Debt - Securities that indicate a firm's intention to repay at a later date. This can be bonds, notes, loans, etc. There is much debate about the right amount of debt for a firm to take on . . . too much debt can unnecessarily burden the firm in tough financial times, but too little debt can limit growth.
Debt-to-equity ratio - This is a measure of a firm's financial "leverage." It is calculated by dividing long-term debt by shareholders' equity. The higher the ratio, the greater the chance the firm will be unable to repay all that debt in the future. But, the right amount of leverage, can boost growth.
Default (on debt) - Failure to pay the principle or interest on a debt security. Owners of a bond that is in default can usually make claims against the the issuers assets to get back their investment. A default generally does not mean that an investor loses his or her entire investment. There are a number of things that can happen if an issuer defaults on debt, but generally the investor will get a percentage of the face value of the bond.
An interesting side note: several years ago the state of Washington decided to default on bonds that it had issued. The Supreme Court ruled that it was unconstitutional for a government entity to default on its debt and ordered that the State resume payment to the bond holders.
Depreciation - A non-cash charge on a firms financial statements that represents the reduction in value of assets due to wear, age, or obsolescence. Hard assets (property, plant, and equipment) depreciate in value over time and must eventually be replaced. Accountants will write off these assets over the estimated useful life of the asset. Because depreciation appears on the income statement, some analysts prefer to use cash flows as it backs depreciation out of net income.
Derivative - A security whose value is "derived" from the performance or movement of another financial security, index, or other investment. Some examples are futures and options.
Discount bond - A bond that sells at a current market price that is less than its face value. Bonds sell at a discount when the coupon rate is lower than the prevailing rates.
Discount rate - The interest rate that the Federal Reserve charges its member banks for loans. This rate influences the rates that those financial institutions then charge their customers. This is one tool that the Fed uses to influence monetary policy. This rate affects the stock market as it provides a clue as to interest rate trends.
Diversification - Spreading your money around to different securities in order to protect yourself from market volatility. This does not mean simply buying different stocks in different sectors (although that is a part of it) it also means having different financial instruments in your portfolio in case one type goes sour.
Dividends - A portion of a company's net income that is paid to shareholders as a return on their investment. Dividends are declared or suspended at the discretion of the company's board of directors. The decision of a board to suspend dividends may signal tough times ahead for a company, while the decision to increase the dividend means that happy days are here. Dividends are nice because they give you cash-money in your hands for your investment. The downside is that they are taxed as income.
Dividend yield - A company's annual dividend expressed as a percentage of its current stock price. As stock price declines, dividend yield goes up. Some investors see high yield as a sign that a stock is cheaply priced.

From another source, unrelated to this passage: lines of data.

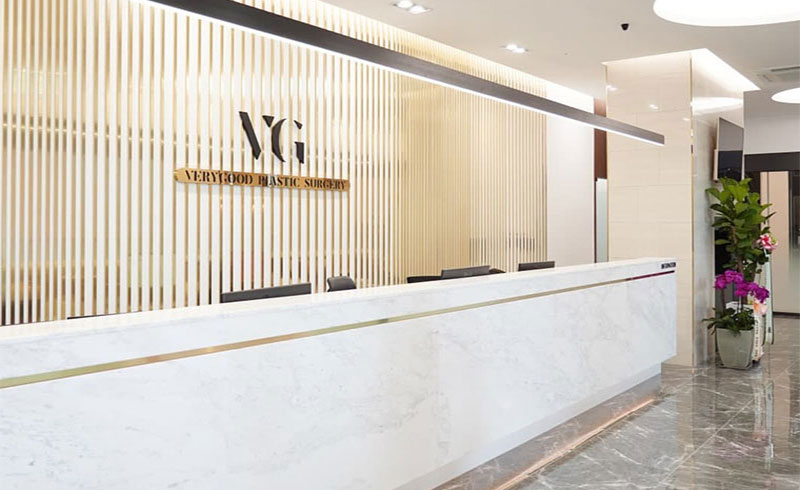 베리굿성형외과의원 병원 정보 이미지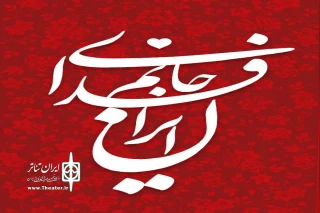 تشکیل قرارگاه جانم فدای ایران هنرمندان نمایش استان مرکزی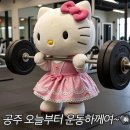커넥트짐 | 울산동구24시헬스장 남목헬스장 커넥트짐 내돈내산후기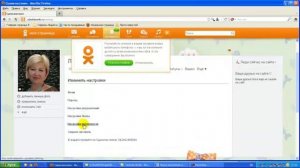 Одноклассники. Моя страница в одноклассниках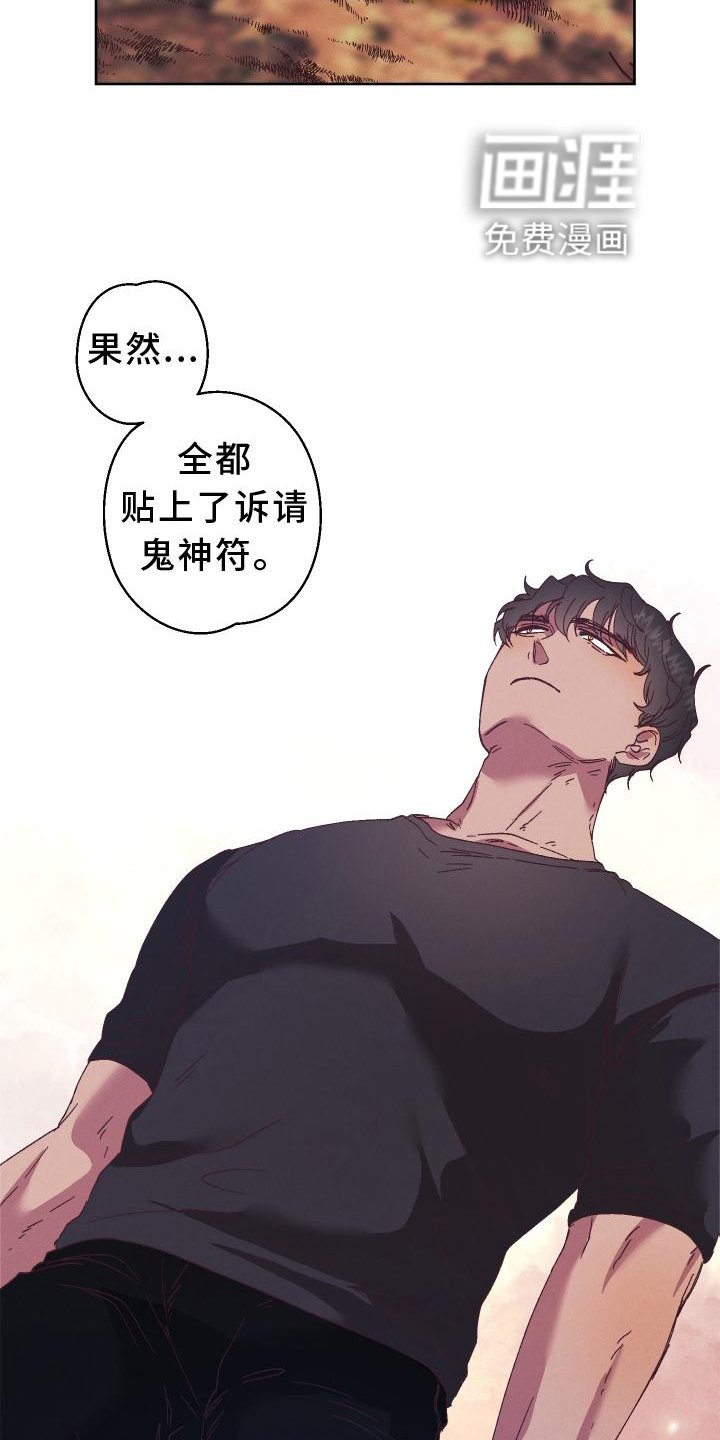 第43章：袭击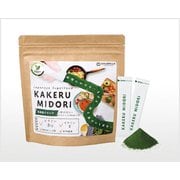 KAKERU MIDORI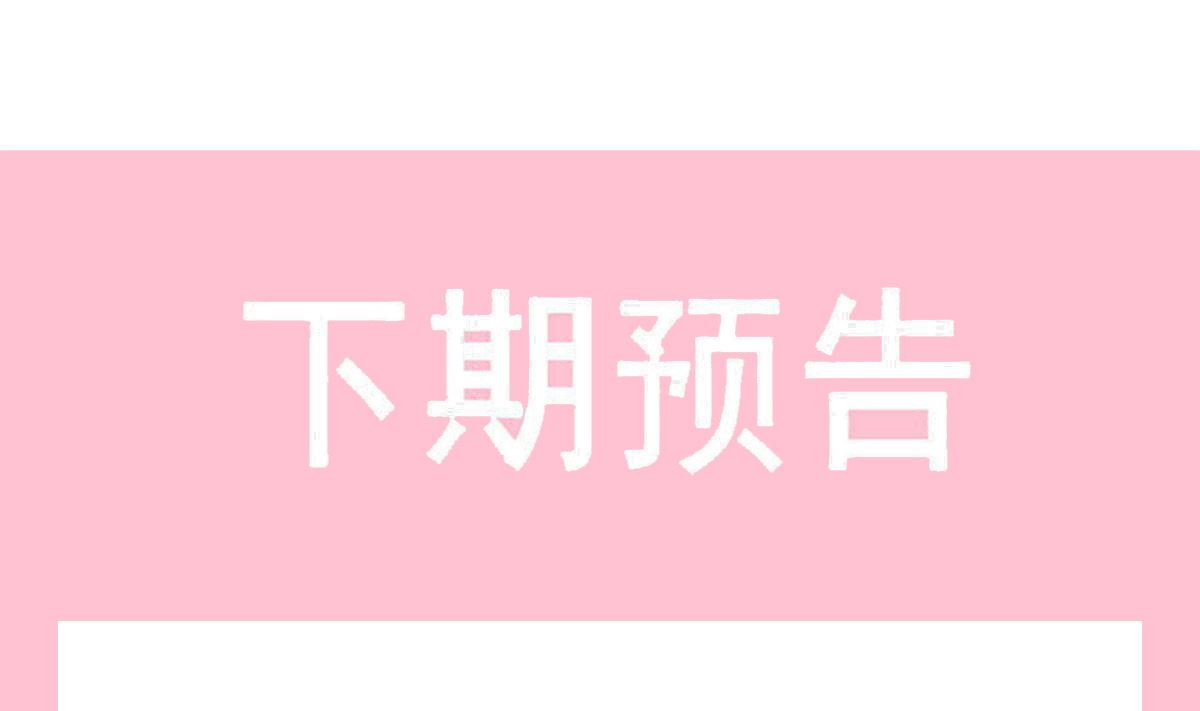 第265话 瑟瑟被绑架！！134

Dollar-cost averaging - A strategy to invest fixed amounts of money in securities at regular intervals regardless of the markets' movements. The purpose of this strategy is to diversify your investment over time. You get an average cost of a security that drives the overall cost down rather than simply plunking down all your money at once.
Dow Jones - There are four averages calculated by Dow Jones that that track price changes in various sectors. The one most commonly referred to is the Dow Jones Industrial Average. This tracks the price changes of the 30 largest companies. While it used to be only industrials, it now includes a wide range including software giant Microsoft, chip manufacturer Intel, and McDonalds.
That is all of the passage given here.